(Task material Opens)

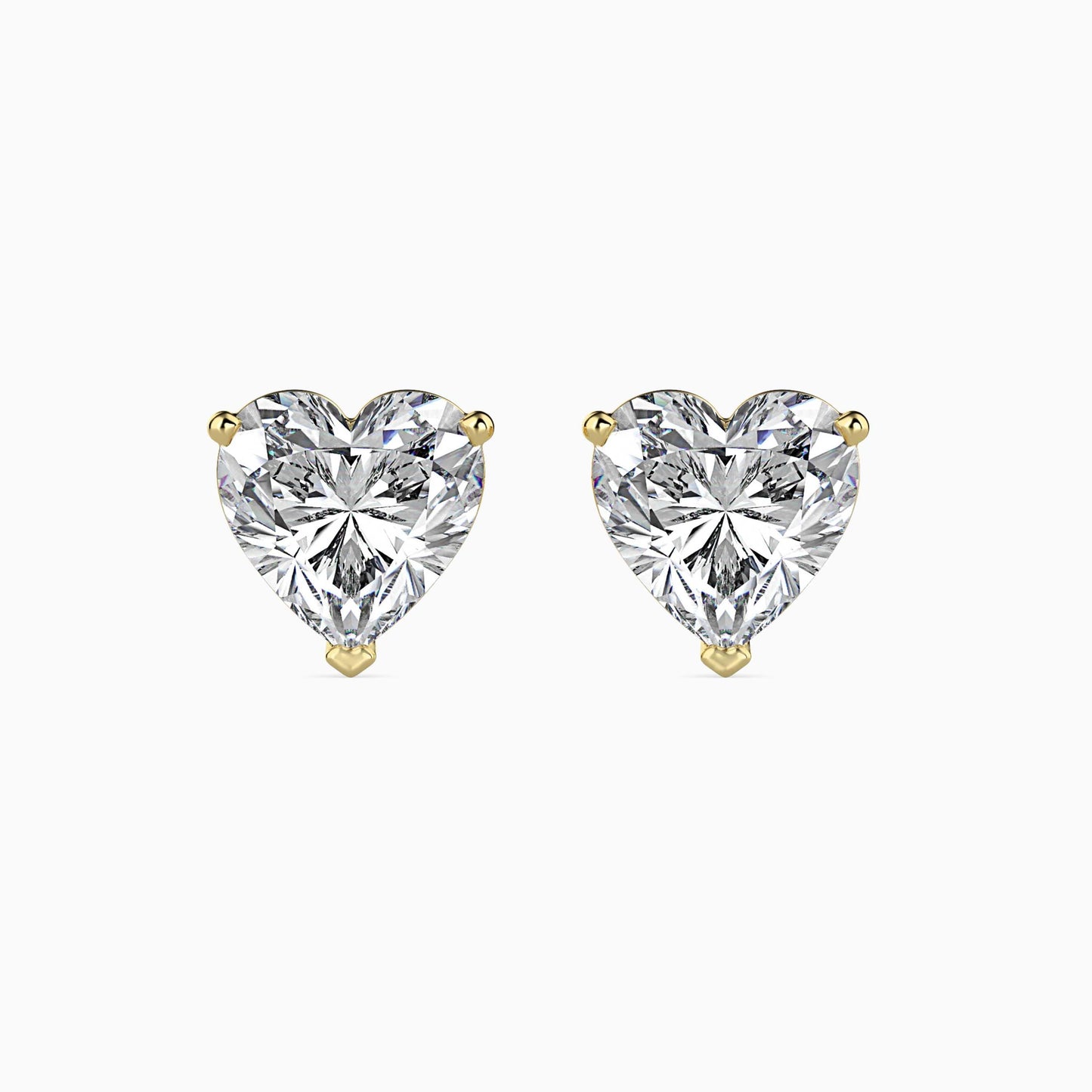 50 Cent Heart Solitaire Studs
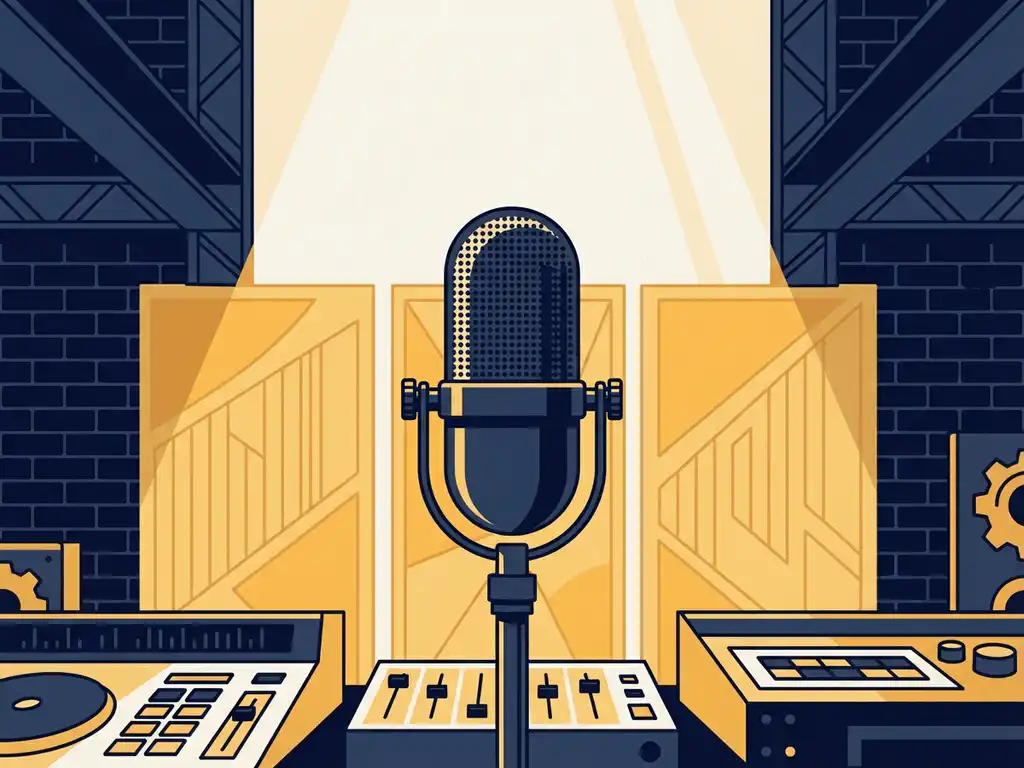 Professionele podcastmicrofoon in een warmverlichte industriële studio met bakstenen muren en gouden akoestische panelen.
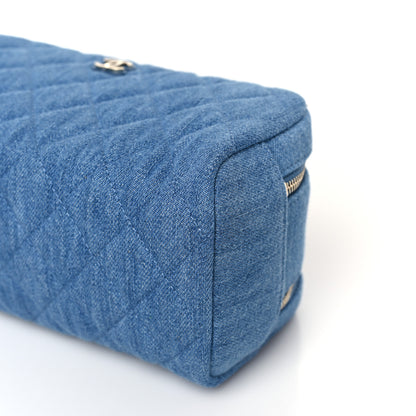 Chanel Denim Quilted Toiletry Case Blue 9 of 9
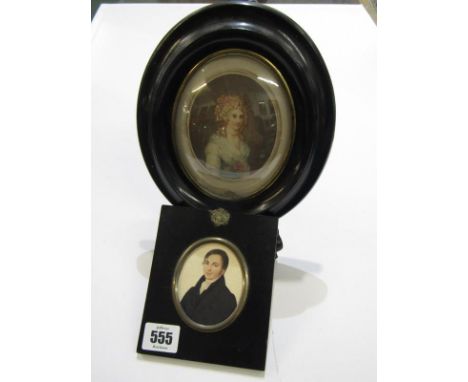 EARLY 19TH CENTURY WATERCOLOUR Portrait of Young Man with silk cravat, together with oval coloured stipple engraved portrait 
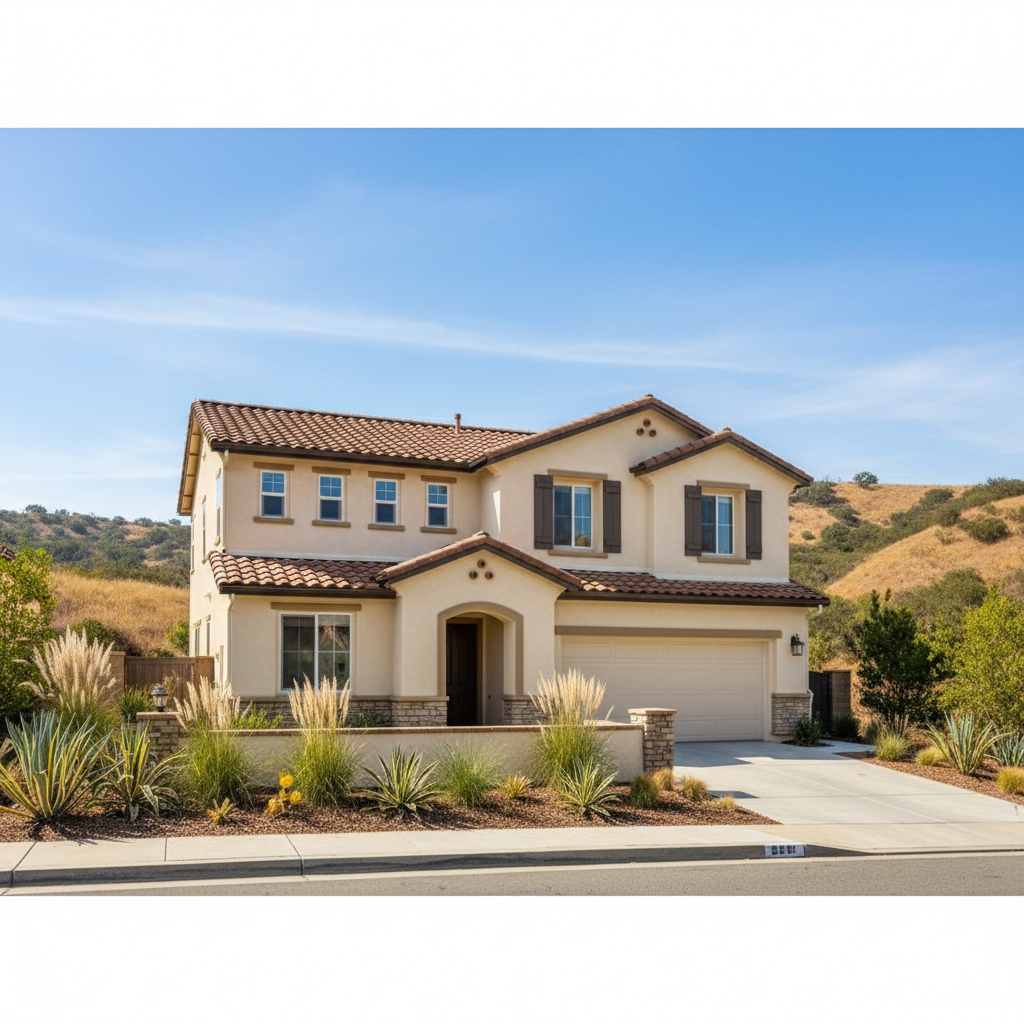 Completed stucco painting work at a residential property in Chino Hills, CA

(Task material Closes)

### [Activity]
Omit the pictures, then extract verbatim only those lines that fall between the line containing "EARLY 19TH CENTURY" and the final line of the records above, both included.

### [The completed task]
 EARLY 19TH CENTURY WATERCOLOUR Portrait of Young Man with silk cravat, together with oval coloured stipple engraved portrait 
 Completed stucco painting work at a residential property in Chino Hills, CA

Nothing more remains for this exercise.